**Work task**
Should the word "Throw" occur in a line of the records, copy that line.

** Opening Excerpted records block **

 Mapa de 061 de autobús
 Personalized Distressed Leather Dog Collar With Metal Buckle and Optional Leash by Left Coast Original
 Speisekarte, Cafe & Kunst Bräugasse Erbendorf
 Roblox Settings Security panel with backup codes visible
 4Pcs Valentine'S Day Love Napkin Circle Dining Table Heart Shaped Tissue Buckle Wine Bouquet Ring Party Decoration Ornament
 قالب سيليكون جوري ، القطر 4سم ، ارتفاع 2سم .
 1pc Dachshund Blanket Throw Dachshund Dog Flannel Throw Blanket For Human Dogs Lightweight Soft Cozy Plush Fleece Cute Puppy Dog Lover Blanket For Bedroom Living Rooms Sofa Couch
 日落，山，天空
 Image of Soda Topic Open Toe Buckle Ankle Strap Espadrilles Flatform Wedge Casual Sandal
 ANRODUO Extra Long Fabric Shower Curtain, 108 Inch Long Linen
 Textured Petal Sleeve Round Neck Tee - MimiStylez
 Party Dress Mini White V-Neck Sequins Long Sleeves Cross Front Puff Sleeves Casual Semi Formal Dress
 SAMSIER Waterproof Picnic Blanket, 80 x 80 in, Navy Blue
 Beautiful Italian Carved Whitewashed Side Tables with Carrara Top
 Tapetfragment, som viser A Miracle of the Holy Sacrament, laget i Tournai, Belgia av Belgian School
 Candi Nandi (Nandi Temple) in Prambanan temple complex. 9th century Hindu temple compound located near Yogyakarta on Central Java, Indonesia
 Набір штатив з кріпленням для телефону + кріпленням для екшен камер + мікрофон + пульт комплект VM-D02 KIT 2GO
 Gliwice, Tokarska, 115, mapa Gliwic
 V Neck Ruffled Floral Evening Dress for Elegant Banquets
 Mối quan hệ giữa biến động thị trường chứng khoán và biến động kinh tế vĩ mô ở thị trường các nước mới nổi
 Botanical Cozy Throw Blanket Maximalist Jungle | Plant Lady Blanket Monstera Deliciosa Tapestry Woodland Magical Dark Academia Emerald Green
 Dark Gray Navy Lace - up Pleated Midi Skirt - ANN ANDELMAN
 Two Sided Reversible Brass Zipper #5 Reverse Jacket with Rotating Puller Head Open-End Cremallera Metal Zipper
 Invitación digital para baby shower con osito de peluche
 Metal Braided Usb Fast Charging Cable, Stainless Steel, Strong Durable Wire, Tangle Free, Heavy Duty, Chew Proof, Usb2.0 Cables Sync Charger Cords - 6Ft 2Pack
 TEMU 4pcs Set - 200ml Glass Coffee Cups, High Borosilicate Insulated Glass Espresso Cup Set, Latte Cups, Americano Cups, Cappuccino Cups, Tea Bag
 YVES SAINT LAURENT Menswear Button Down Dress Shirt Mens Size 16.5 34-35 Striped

** Closing Excerpted records block **

**Task output**
 1pc Dachshund Blanket Throw Dachshund Dog Flannel Throw Blanket For Human Dogs Lightweight Soft Cozy Plush Fleece Cute Puppy Dog Lover Blanket For Bedroom Living Rooms Sofa Couch
 Botanical Cozy Throw Blanket Maximalist Jungle | Plant Lady Blanket Monstera Deliciosa Tapestry Woodland Magical Dark Academia Emerald Green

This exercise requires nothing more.